£10,000 for everyone under 55: Think tank calls for UK universal basic income fund
KEY POINTS
- Plans are set out in a report by the Royal Society for the encouragement of the Arts, Manufacture and Commerce.
- The society believes the money will help break the poverty cycle.
- Argues that universal basic income will be necessary to protect living standards in the age of automation.
A new report calls on the government to give £10,000 to everyone under 55 years of age as part of a move towards a national universal basic income (UBI).
The Royal Society for the encouragement of the Arts, Manufactures and Commerce (RSA) said the £10,000 "Universal Basic Opportunity Fund" would "address an increasingly concerning reality of people cycling in and out of poverty, being subject to employment and financial insecurity and without adequate opportunities to reconfigure their lives as they wish."
The RSA believes the money would help UK citizens through the 2020s, "as automation replaces many jobs, climate change hits and more people face balancing employment with social care".
Payments would not be means tested and would come from a British sovereign wealth fund in two £5,000 lump sums.
The wealth fund would come from public debt, levies on untaxed corporate assets and investments in long-term infrastructure projects.
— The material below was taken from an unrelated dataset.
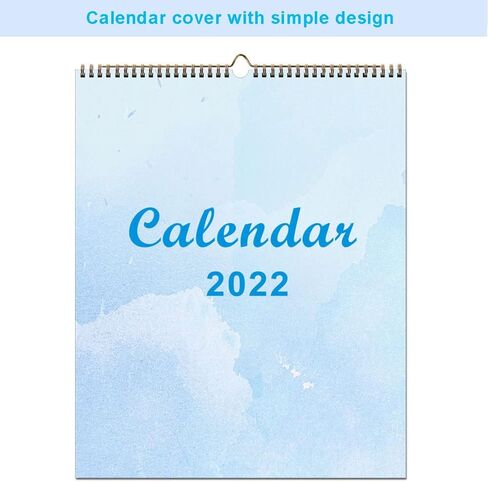 تقويم 2022 - 12 تقويم حائط شهريًا من يناير 2022 إلى ديسمبر 2022، 11.8 بوصة × 14.5 بوصة، تقويم مخطط عمودي مع تاريخ جولياني، ورق سميك، ربط مزدوج السلك، خطاف تعليق للتنظيم والتخطيط in Kuwait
The report also says that, as the payments would take the place of most state welfare, the government could invest benefits savings into the sovereign wealth fund.
In total, the society believes the scheme would cost £14.5bn each year and £462bn over 13 years. It expects that more than half of the overall cost would be paid for by government savings.
"If not confronted, forces including automation could become hugely divisive social, economic and political forces further entrenching a dangerous societal schism between those who have security and those who have insecurity," the report warns.
"This is not merely a vision of a dystopian future. In many respects it is already in train and requires action now."
A decade of disruption
Anthony Painter, director of the RSA's Action and Research Centre, said: "The simple fact is that too many households are highly vulnerable to a shock in a decade of disruption, with storm clouds on the horizon if automation, Brexit and an ageing population are mismanaged.
"Without a real change in our thinking, neither tweaks to the welfare state nor getting people into work alone, when the link between hard work and fair pay has broken, will help working people meet the challenges ahead."
MP Jonathan Reynolds, Labour's shadow Treasury minister, said: "This new report from the RSA raises the right questions about the future of work and the long-term challenges we face, including making sure automation and the changing nature of work deliver a fairer, more prosperous society."
Local UBI trials are already ongoing in Scotland, in the cities of Glasgow, Edinburgh, Fife and North Ayrshire.
In Finland, a two-year nationwide pilot scheme is underway, in which 2,000 unemployed citizens are given a monthly income of €560 (£497), which continues even if they find work.
UBI critics have argued that implementing such programmes would be too expensive and a disincentive to work. Opponents also say that in replacing all other state benefits, the poorest in society may end up poorer under UBI schemes.